Sunday, September 9, 2007

The Last Fair

We attended the Ellis Hollow Fair, which we've always considered the Last Fair of Summer (this year, the Freeville Harvest Festival is actually later, but we probably won't go). Paul has gone every year since his family moved here in 1963. O won a cake in the cakewalk, we bought every bird feeder they had at the White Elephant Sale, and I purchased a raffle ticket for the quilt, as always. I was interested to find this site dedicated to the quilts of Ellis Hollow. I have yet to win any of them--but aren't they spectacular?

Saturday, September 8, 2007

RIP

Along with C. S. Lewis, she was my favorite children's author, although she always insisted she didn't have an age in mind when she wrote. Funny how I was drawn as a child to Christian mystics. Genius.

Friday, September 7, 2007

Turtles R Us

Chuck sent me the new cover for the reprint of my MAT book. I don't think they knew that turtles were my totem, but I love it that the answer is "turtle." But what's with the splashy colors? Very un-McGraw-Hill.

Required Reading

I was fascinated by this article in TIME, in part because it's an unusual call to action by a news magazine, in part because public service is dear to my heart, and in part because I worry about what happens when a rise in public service is juxtaposed with a decline in people's trust in government.

Thursday, September 6, 2007

Required Reading

Gail Collins in the NYT today on the "Do-Over Theory" as it applies to Senator Craig and others
who believe you can change the unchangeable if you just:

a) Think positive

b) Hire a better lawyer

c) Check into rehab

d) Quote Ronald Reagan

Fred

I'm past wondering what kind of a world we live in where presidential candidates announce their intentions on entertainment shows. Anyway, Fred's in, and the question is: From whom will he steal votes? My guess: Romney, giving the hateful Rudy a little jumpstart.

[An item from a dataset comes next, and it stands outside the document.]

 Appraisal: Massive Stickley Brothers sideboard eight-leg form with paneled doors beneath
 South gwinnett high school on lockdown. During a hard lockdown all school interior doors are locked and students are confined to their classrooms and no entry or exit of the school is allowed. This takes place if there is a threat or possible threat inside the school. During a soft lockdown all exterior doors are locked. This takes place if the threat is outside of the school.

Wednesday, September 5, 2007

Back to School

Our baby guinea fowl, at about five months of age, suddenly developed the raucous guinea fowl voices after five months of being mute or at best peeping sweetly. Last night, they alerted us to fox in the vicinity, loudly, at 3 AM. That made getting up at 6 for back-to-school all the more difficult. It was dark! and cold! And that pack is heavy!

Monday, September 3, 2007

State Fair

Where we spent last night:

Surge? What Surge?

Paul Krugman reminds us this morning that we're all falling for a "snow job in the desert." Despite what the generals and even the media would have us believe,
"So far, every month of 2007 has seen more U.S. military fatalities than the same month in 2006."

Sunday, September 2, 2007

Who's In and Who's Out

The expectation is that this week, John McCain will disappear from my list at the right to be replaced by Fred Thompson, actor, ex-Senator, and Republican counsel during the Watergate hearings. Rumor has it that Sen. Thompson takes his SUV to within blocks of his appearances and then switches to a pickup truck. As the Washington Post points out, he's working with a personal trainer to stem that Alfred Branch girth he sports on Law & Order. America's gonna love this guy.